* **How to complete this task**
In the data below, find the line that contains "Brother High-Yield Pack" and the line that contains "Enna Incontinencia Mujer". Copy both, plus every line between them, exactly.

** Opening Material supplied block **

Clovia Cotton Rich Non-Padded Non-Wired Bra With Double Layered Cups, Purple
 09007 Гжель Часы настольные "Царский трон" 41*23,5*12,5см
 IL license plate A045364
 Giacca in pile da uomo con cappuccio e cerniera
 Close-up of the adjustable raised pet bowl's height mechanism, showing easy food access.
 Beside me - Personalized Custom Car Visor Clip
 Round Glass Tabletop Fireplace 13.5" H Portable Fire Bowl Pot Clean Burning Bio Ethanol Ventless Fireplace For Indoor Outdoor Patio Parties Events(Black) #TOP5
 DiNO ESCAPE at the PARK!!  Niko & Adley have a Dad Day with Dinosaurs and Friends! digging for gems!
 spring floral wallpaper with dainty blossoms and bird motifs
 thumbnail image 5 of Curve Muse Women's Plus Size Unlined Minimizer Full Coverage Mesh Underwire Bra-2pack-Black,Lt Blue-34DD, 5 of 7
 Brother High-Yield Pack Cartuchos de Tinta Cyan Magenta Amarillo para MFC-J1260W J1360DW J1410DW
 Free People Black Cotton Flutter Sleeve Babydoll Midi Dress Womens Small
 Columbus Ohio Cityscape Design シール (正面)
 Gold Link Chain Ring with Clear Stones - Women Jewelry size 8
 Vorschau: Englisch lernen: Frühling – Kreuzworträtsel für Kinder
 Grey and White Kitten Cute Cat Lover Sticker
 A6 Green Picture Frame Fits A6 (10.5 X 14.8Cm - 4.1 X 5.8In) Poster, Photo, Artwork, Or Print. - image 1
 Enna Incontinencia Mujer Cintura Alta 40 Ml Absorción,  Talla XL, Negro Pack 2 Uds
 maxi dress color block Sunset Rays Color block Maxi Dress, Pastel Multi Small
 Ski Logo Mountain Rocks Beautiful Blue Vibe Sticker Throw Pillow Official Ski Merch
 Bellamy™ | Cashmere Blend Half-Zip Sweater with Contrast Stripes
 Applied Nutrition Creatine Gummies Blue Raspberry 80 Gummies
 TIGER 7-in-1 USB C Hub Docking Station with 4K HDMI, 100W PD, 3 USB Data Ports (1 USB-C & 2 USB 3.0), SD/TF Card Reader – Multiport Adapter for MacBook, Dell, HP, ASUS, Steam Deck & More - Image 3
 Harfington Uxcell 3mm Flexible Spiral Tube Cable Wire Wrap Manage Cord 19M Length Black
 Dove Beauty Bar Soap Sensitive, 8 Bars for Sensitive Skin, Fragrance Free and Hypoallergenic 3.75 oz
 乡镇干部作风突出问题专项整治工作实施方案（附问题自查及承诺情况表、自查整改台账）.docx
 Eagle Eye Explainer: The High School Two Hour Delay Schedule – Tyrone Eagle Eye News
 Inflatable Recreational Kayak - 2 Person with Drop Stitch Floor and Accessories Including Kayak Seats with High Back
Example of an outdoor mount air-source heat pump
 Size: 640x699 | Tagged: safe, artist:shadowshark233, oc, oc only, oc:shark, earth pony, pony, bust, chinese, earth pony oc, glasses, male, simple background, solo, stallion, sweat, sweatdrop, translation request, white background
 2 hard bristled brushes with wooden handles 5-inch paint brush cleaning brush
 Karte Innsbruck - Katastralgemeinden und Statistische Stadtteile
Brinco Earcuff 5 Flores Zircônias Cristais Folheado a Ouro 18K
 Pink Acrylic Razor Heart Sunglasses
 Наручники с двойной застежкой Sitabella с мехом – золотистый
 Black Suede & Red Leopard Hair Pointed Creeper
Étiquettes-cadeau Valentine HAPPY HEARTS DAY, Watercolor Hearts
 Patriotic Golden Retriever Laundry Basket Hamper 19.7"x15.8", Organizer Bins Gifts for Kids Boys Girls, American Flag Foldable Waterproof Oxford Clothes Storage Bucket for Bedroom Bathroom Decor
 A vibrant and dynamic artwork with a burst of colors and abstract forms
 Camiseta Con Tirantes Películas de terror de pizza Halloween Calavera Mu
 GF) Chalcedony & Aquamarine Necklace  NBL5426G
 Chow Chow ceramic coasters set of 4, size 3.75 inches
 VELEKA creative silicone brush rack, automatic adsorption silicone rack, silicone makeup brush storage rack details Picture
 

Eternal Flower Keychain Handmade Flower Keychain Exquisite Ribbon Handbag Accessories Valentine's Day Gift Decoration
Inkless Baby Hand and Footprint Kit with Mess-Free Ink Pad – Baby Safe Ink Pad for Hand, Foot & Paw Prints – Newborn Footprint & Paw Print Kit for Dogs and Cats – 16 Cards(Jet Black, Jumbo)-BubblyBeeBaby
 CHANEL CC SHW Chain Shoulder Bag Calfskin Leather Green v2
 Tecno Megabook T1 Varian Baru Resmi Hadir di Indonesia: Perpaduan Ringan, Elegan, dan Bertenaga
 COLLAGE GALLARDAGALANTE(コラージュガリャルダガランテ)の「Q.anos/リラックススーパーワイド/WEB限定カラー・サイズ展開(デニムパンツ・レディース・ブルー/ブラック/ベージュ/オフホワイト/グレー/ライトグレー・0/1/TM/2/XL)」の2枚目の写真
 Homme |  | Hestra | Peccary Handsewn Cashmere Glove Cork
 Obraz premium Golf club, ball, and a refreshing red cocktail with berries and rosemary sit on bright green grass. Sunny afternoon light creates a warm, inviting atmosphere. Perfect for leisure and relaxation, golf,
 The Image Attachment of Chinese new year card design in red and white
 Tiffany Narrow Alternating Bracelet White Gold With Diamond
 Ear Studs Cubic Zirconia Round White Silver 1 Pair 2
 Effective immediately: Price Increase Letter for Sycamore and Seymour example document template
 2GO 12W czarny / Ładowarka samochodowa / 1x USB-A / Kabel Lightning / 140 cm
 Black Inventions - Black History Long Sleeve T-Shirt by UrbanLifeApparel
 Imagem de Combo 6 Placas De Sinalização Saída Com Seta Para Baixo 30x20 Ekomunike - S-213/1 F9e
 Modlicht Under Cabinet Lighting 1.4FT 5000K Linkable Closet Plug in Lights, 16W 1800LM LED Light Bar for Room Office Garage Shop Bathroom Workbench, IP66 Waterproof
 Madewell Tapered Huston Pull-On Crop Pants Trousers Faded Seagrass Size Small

** Closing Material supplied block **

* **Exercise answer**
 Brother High-Yield Pack Cartuchos de Tinta Cyan Magenta Amarillo para MFC-J1260W J1360DW J1410DW
 Free People Black Cotton Flutter Sleeve Babydoll Midi Dress Womens Small
 Columbus Ohio Cityscape Design シール (正面)
 Gold Link Chain Ring with Clear Stones - Women Jewelry size 8
 Vorschau: Englisch lernen: Frühling – Kreuzworträtsel für Kinder
 Grey and White Kitten Cute Cat Lover Sticker
 A6 Green Picture Frame Fits A6 (10.5 X 14.8Cm - 4.1 X 5.8In) Poster, Photo, Artwork, Or Print. - image 1
 Enna Incontinencia Mujer Cintura Alta 40 Ml Absorción,  Talla XL, Negro Pack 2 Uds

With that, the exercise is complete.